Most people will solve the problems they know how to solve. Roughly speaking they will solve B+ problems instead of A+ problems. A+ problems are high impact problems for your company but they're difficult problems.

It's actually a good thing if you do reference checks on somebody and half the people you call say they are a micromanager and the other half say they actually give me a lot of responsibility. That's a feature not a bug.

The first thing that editor does is they take out a red pen, or nowadays you go online, and they start striking things. Basically eliminating things, the biggest task of an editor is to simplify, simplify, simplify and that usually means omitting things.

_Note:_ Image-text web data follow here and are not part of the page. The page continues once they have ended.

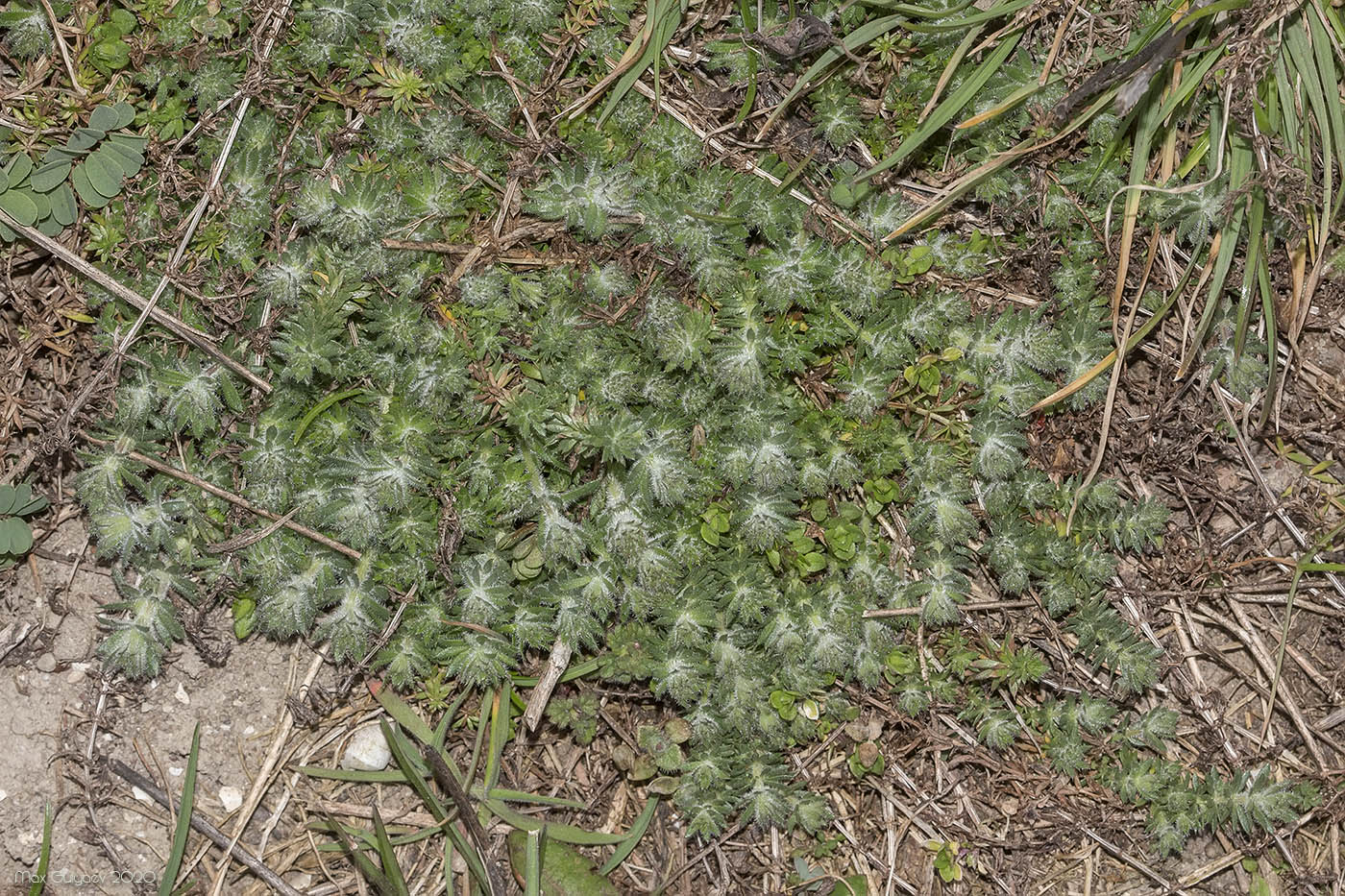 Изображение особи Galium humifusum.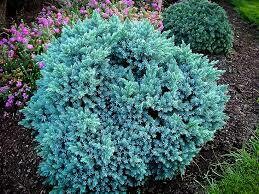 Juniperus squamata 'Blue Star' 3 gal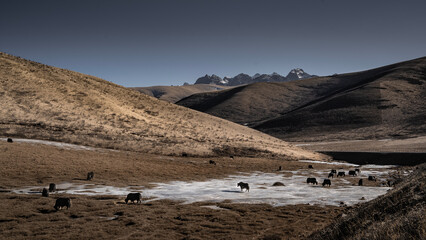 landscape with snow and mountains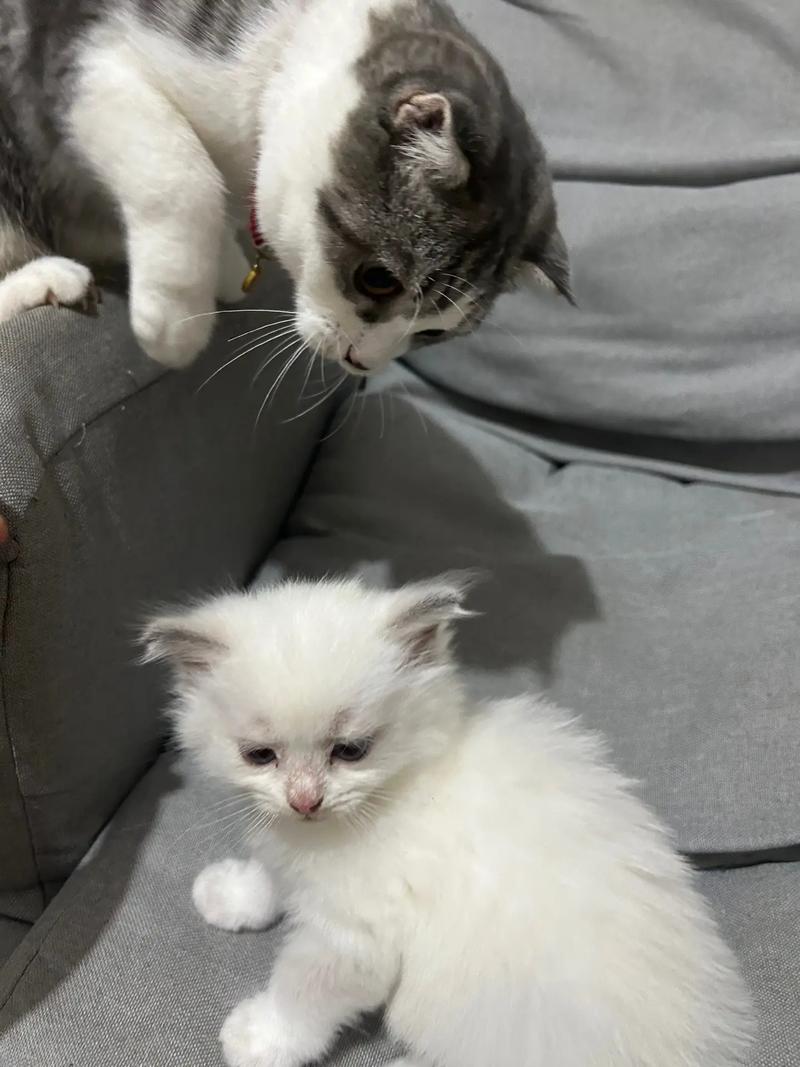 快手布丁妹妹叫什么名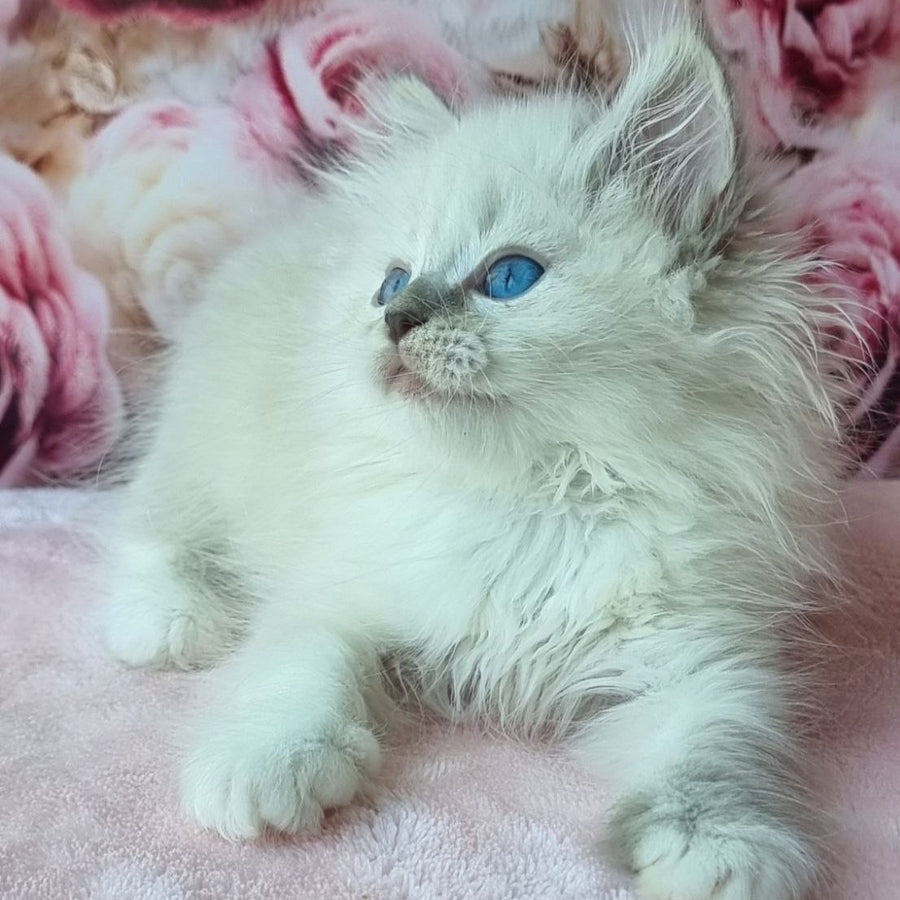 Anjelyka Siberian female, blue tabby pointed with white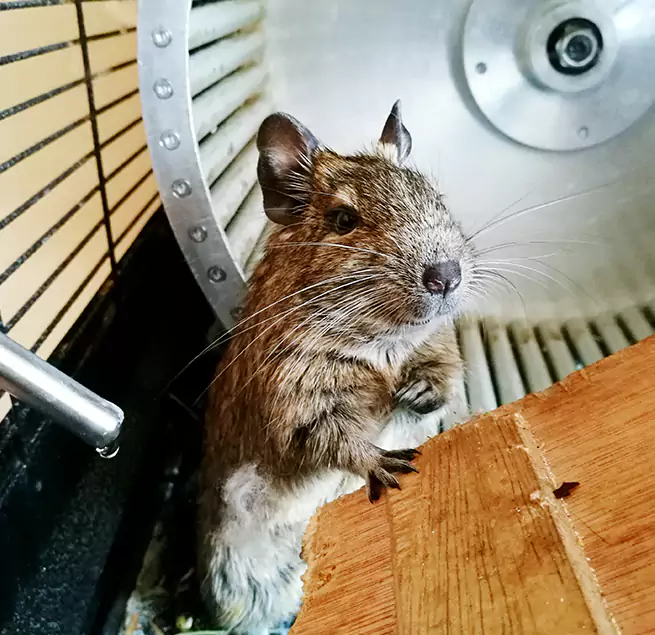 Why Homeowners & Businesses Trust Us Lombard, IL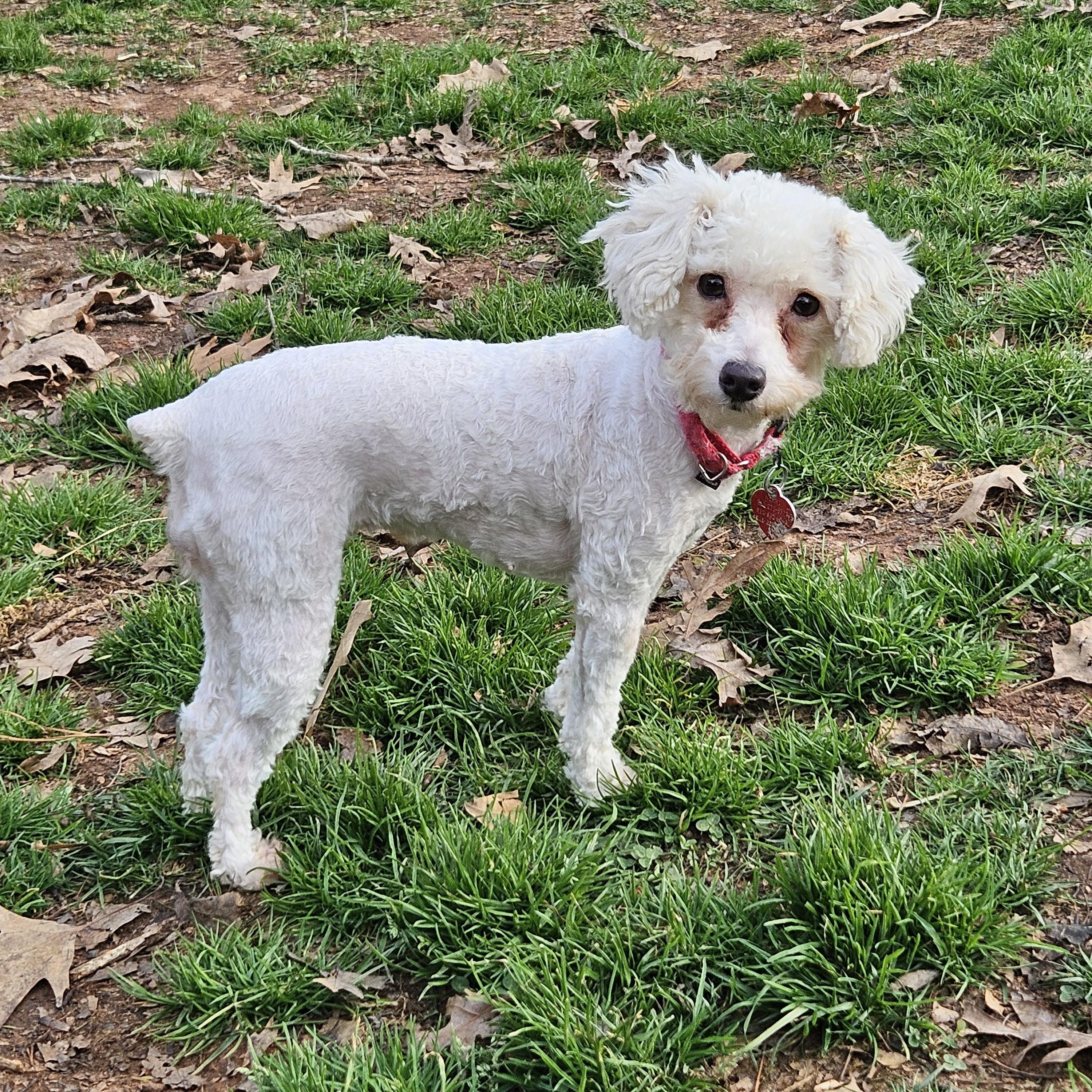 Dulcie, a Adoptable mixed breed in Raleigh, NC image 4/6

Every good startup is a cult. And it's really hard to create a cult if you are sharing space with people. Because a cult means you think you are better than every other startup, you have a special way of doing things that's better than anyone else in the world.

Don't accept the excuse of complexity. A lot of people will tell you, this is too challenging, this is too complicated, yeah well I know other people simplify but that's not for me, this is a complicated business. They're wrong. You can change the world in 140 characters.

The key to culture is it's a framework for making decisions. And if it's baked into your culture, people learn how to make decisions across that culture without you ever saying anything. You never have to really do anything except watch and promote and move people around.

If people start going to a desk, some one individual employees desk and they don't report to them... it's a sign that they believe that person can help them. So if you see that consistently, those are your barrels. Just promote them, give them more opportunity as fast as you can.

Most people, most great people even are ammunition. But what you need in your company are barrels. You can only shoot through the number of unique barrels you have, so that's how the velocity of your company improves... is by adding barrels, and then you stock them with ammunition and then you can do a lot.

The more you simplify, the better people will perform. People can not understand and keep track of a long complicated set of initiatives. So you have to distill it down to one, two, or three things and use a framework they can repeat, they can repeat without thinking about, they can repeat to their friends, they can repeat at night.

You can build the most important companies in history with a very simple to describe concept. You can market products in less than 50 characters. There is no reason why you can't build your company the same way. So force yourself to simplify every initiative, every product, every marketing, everything you do. Basically take out that red and start eliminating stuff.

There are three things you need to do as a CEO-founder. Think strategically, drive design, and drive technology. Some people who are really good at one can build a pretty foundational company. Most people who are very successful are good at two. But Jack is the only person in the Valley I've met who's all three. He's a first-rate strategist, a first-rate designer, and a first-rate technologist.

Barrels are very difficult to find. But when you have them, give them lots of equity. Promote them, take them to dinner every week, because they are virtually irreplaceable because they are also very culturally specific. So a barrel at one company may not be a barrel at another company. One of the ways, the definition of a barrel is, they can take an idea from conception and take it all the way to shipping and bring people with them.